Picture this… You’ve just risen from a good night’s sleep to the sound of waves crashing on the shore. You slept like a baby because you’re free from your old worries. The smell of salt water permeates the air and an ocean breeze tickles your cheeks.
Coffee in hand, you step out onto your patio and now you can see your dream clearly; the deserted shoreline of a turquoise bay. One peaceful soul is on the beach, walking his dog down the sand, tossing a piece of driftwood every so often.
Maybe your dream doesn’t live at the ocean, but instead in a small country town in the Andes mountains, or nestled in a quaint, affordable, and vibrant foreign city.
Perhaps, like me, you’ve always dreamed of a life overseas, but don’t really know where the best fit is.
At 64, widowed, and on Social Security, I began a life of traveling the world in search of a place to land in my retirement years. This has been my path for a year now, but before I left I did an enormous amount of research into where I could find the most likely spots to call home.
A chance encounter with a Filipino passenger on the shuttle bus I drove for a living got me thinking about how much further my dollars would go overseas. So I did some research to see if I could afford to live in the Philippines on my $1,300-a-month Social Security check. With housing for as little as $140 a month and fresh fruit to be had for $1 a bag, living in the Philippines seemed like a solution to my struggle to survive in the U.S.
I then began looking into other countries and doing more research. I checked out blogs, library books, and read everything I could find…then I hit upon International Living. And that’s when the possibilities really began to open up for me.
I had no idea there was a huge expat community out there, others who have chosen to live outside the U.S. for various reasons, or that there was a magazine dedicated to helping them find the perfect spot to live out their dreams.
After exhaustive research on many different affordable countries—which almost always began with a story in International Living magazine—I narrowed my own countries of interest down to the Philippines, Thailand, Malaysia, Ecuador, Panama, Peru, Nicaragua, and Portugal.
In September 2015, after quitting my job and selling all my possessions, I set off on my retirement-scouting adventure. My trip started in the Philippines where I bounced around from the capital Manila to a mountain town and finally to a haven of white-sand beaches. While there, I discovered that travel between the countries in Southeast Asia was cheap, with international airfares as low as $28, and an overnight train trip from Thailand to Malaysia was just $14.
So next I checked out Chiang Mai, Thailand, where my food costs ran $3 to $4 a day and I had a wonderful homestay for $10 a night. I then moved onto Cambodia where I enjoyed a sunset cruise along the Mekong River for $9 and got to see the stunning Angkor Wat. From there I moved on to Vietnam, Bali, and Cambodia.
I’m now on my own tour of Latin America, which I started in Costa Rica. I rented a place by the beach for $250 a month, that came fully furnished and equipped with internet and cable TV. I found it through a friend who was the night manager at my favorite hangout—The Shack—where I would have lunch or dinner several times a week for $8 to $10 for a full meal. Often, there’d be good live music playing too…something I’d expect to pay a cover charge for in the States.

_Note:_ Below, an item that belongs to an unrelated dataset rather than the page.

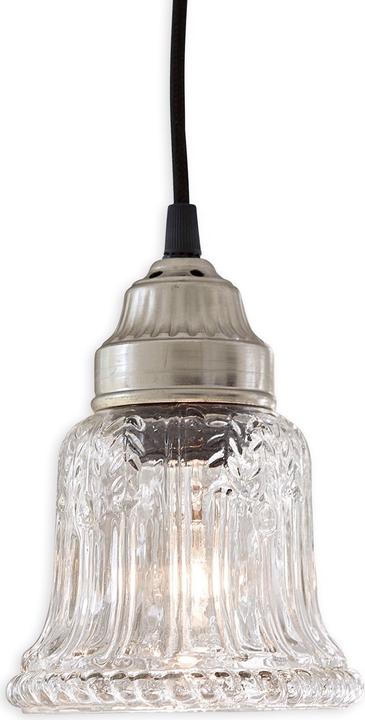 Image du produit Loberon Suspension Brandy (E27)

In my travels, I’ve learned the best thing you can do when exploring your retirement options is to make friends with some locals. They can tell you everything from where to find the closest ATM to how to get to the mall, and what it will cost you to rent or buy in the area.
If you have this dream of living overseas, whether permanently or just for the experience, I urge you to begin your research now. And the very best way to start is to become part of the International Living community.
Because I’m still on the lookout for my perfect spot, each issue of the magazine is truly useful. I find out about locations I’m considering and get specific details on the costs and quality of housing, food, utilities, and most importantly healthcare…which is critical for me, as I’m a diabetic.
My advice for anyone looking at retiring overseas is to pick a few places that seem to fit the bill and travel there. Or if you’re completely nuts, like me, just shut down your old life and jump on a plane for a retirement adventure.